Noises in echo signals are of normal presence in most types of ultrasonic testing. They are mixed in the echo signals but are not representative of the characteristics of the test objects. White noise can be from many sources such as thermally originated noise due to heat from electronics components. Existing efforts have been made to remove white noise.
In one existing effort, to help remove white noise, one could make many acquisitions then average out the response signals instead of pulsing only once. However, after every acquisition, the subsequent waveform inherits the previous waveforms' left-over energy, which is call “acoustic noise” in the processing channel. Therefore the challenge remains to remove or eliminate to the greatest degree both white noise and acoustic noise.
Averaging is made in another existing effort by means of digital processing for reducing white noise.

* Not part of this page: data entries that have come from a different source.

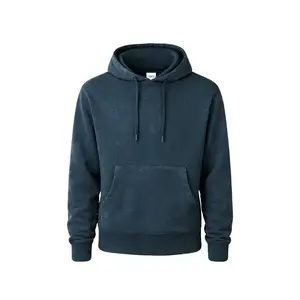Variante de producto Sudadera Adulto Grea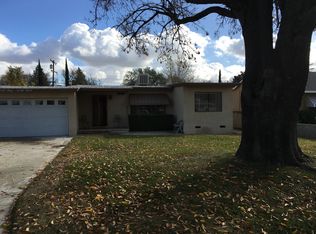 9439 Grace St, Fontana, CA 92335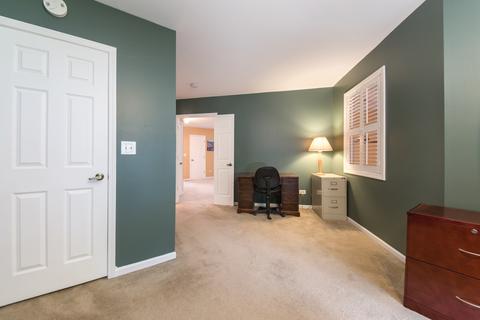 1629 Pebble Beach Dr, Hoffman Estates, IL 60169 photo 14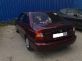Продам Hyundai Accent  МТ-3, октябрь 2008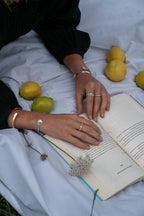 Anillo Halo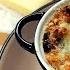 Classic French Onion Soup French Guy Cooking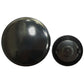 3221253R1 Fuel Cap Fits Case-IH 5120 5130 5140 5150 5220 5230 5240 5250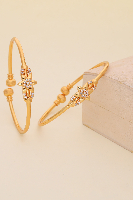 Brado Jewellery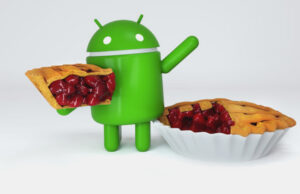 This new Android feature will be an absolute game-changer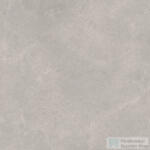 Marazzi Stream Grey Rett. 75x75 cm-es padlólap M9RU (M9RU)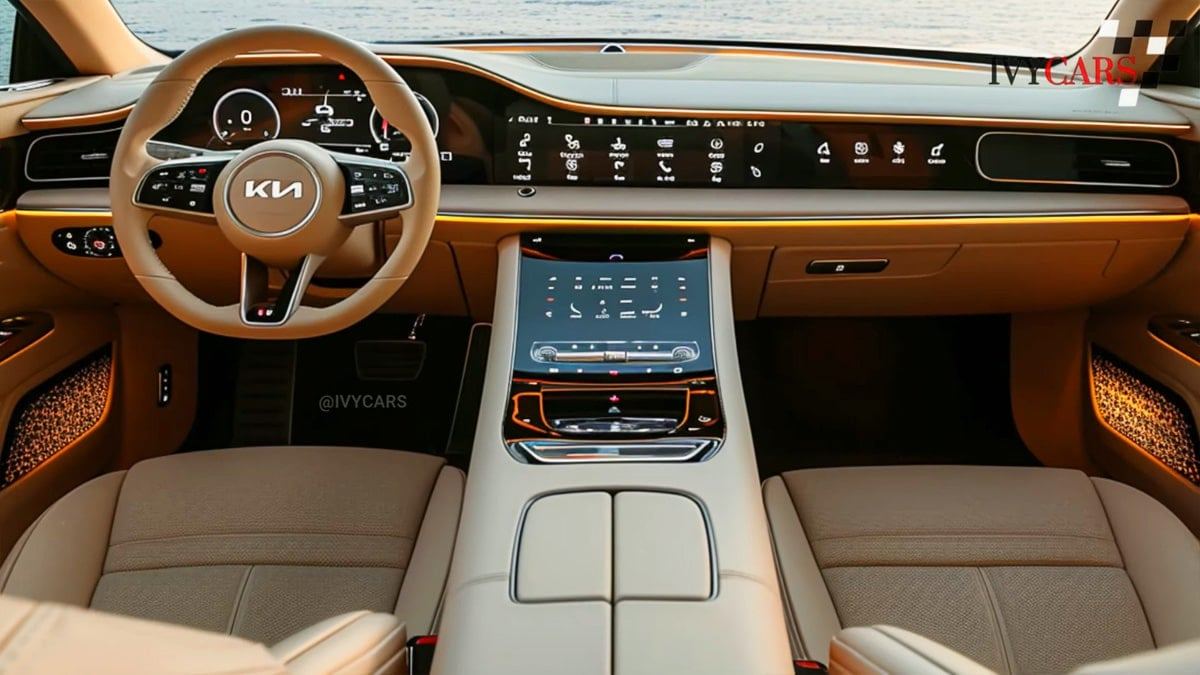 Expected-image-of-Kias-next-generation-K8-full-change-4.jpg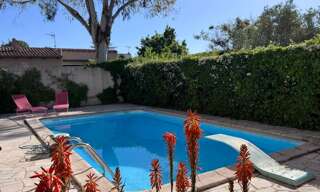 Maison 7 Pièces 154 m² à vendre à Pérols (34470)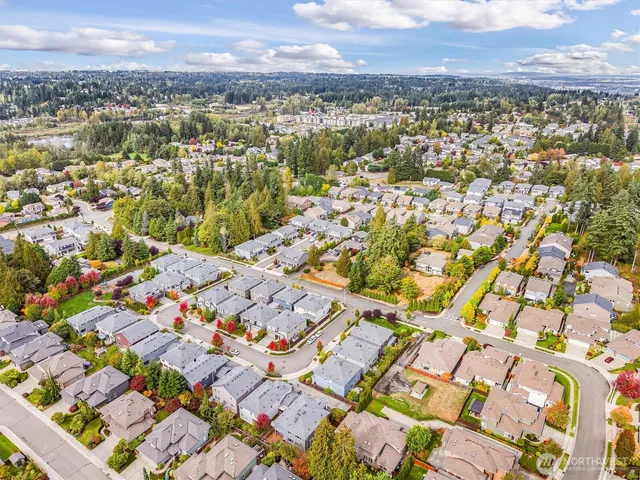 $1,495,000 | 14117 45th Avenue Southeast, Snohomish, WA 98296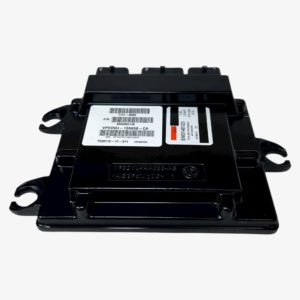 mercury-8m6005749-marine-verado-dts-v6-3-4l-225hp-4-stroke-ecu-felix-ommo33069-20251003-110633-764508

All pulses are sent at a predetermine time step (Time “T”) with equal time intervals. Averaging is done for the multiple pulses fired. The resulting signals in the previous acquisition windows capturing each previous pulse are added to the subsequent acquisition windows. Unfortunately, for example, when the second pulse starts, there is still remaining acoustic energy called acoustic noise (or “tail”) left from the first pulse. The resulting signal inside the second acquisition window will then be corrupted by the “tail” of the first acquisition window. One skilled in the art can appreciated that the closer (in time) the pulses are to each other, the more acoustic noise will remain for the next pulse. This effect of acoustic noise resulted from conventional averaging will be further illustrated in the detailed description, in comparison to that to be minimized by using the solution herein disclosed.
U.S. Pat. No. 3,557,354 uses averaging to improve signal to noise ratio and reduce white noise. But it does not involve any effort in reducing acoustic noise caused by the accumulation process.
Another existing effort also found in U.S. Pat. No. 7,254,494 (later as '494) in which time shifting sequence of bursts (of ultrasound) is used to improve signal to noise ratio. However, '494 does not use averaging in its processing, instead deploys a method to identify the pattern of the sequence of burst, and then uses the information on the pattern for noise reduction.
It would be therefore adventurous to reduce white noise in ultrasonic testing devices by using averaging in digital data process, and address the drawbacks of previous effort by eliminating acoustic noise accumulated during the conventional averaging process.